If you only have time to read one article this week, it should be this one.

Transient receptor potential channel modulators as pharmacological treatments for lower urinary tract symptoms (LUTS): myth or reality?

Yves Deruyver*‡¶, Thomas Voets†¶, Dirk De Ridder*‡¶ and Wouter Everaerts*§¶

 

*Laboratory of Experimental Urology, Department of Development and Regeneration,† Laboratory for Ion Channel Research, Department of Molecular Cell Biology, KU Leuven, University Hospitals Leuven, TRP Research Platform Leuven (TRPLe), Leuven, Belgium, and §Royal Melbourne Hospital, Melbourne, Australia

 

Transient receptor potential (TRP) channels belong to the most intensely pursued drug targets of the last decade. These ion channels are considered promising targets for the treatment of pain, hypersensitivity disorders and lower urinary tract symptoms (LUTS).
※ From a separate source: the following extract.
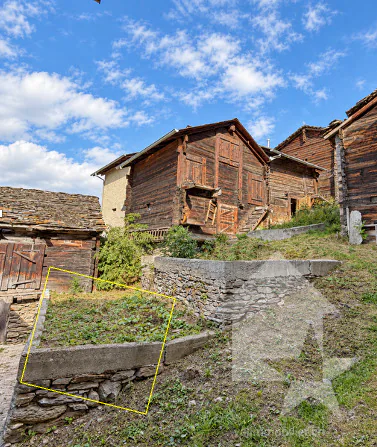 Parcello annesso a un fabbricato agricolo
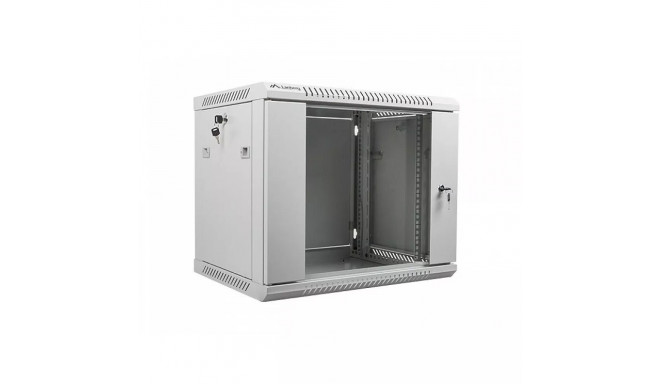 Wall Rack - Lanberg 19" 9u 600x450mm Gray Glass Door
The aim of the present review is to discuss to what extent TRP channels have adhered to their promise as new pharmacological targets in the lower urinary tract (LUT) and to outline the challenges that lie ahead.

  • TRP vanilloid 1 (TRPV1) agonists have proven their efficacy in the treatment of neurogenic detrusor overactivity (DO), albeit at the expense of prolonged adverse effects as pelvic ‘burning’ pain, sensory urgency and haematuria.
  • TRPV1 antagonists have been very successful in preclinical studies to treat pain and DO. However, clinical trials with the first generation TRPV1 antagonists were terminated early due to hyperthermia, a serious, on-target, side-effect.
  • TRP vanilloid 4 (TRPV4), TRP ankyrin 1 (TRPA1) and TRP melastatin 8 (TRPM8) have important sensory functions in the LUT. Antagonists of these channels have shown their potential in pre-clinical studies of LUT dysfunction and are awaiting clinical validation.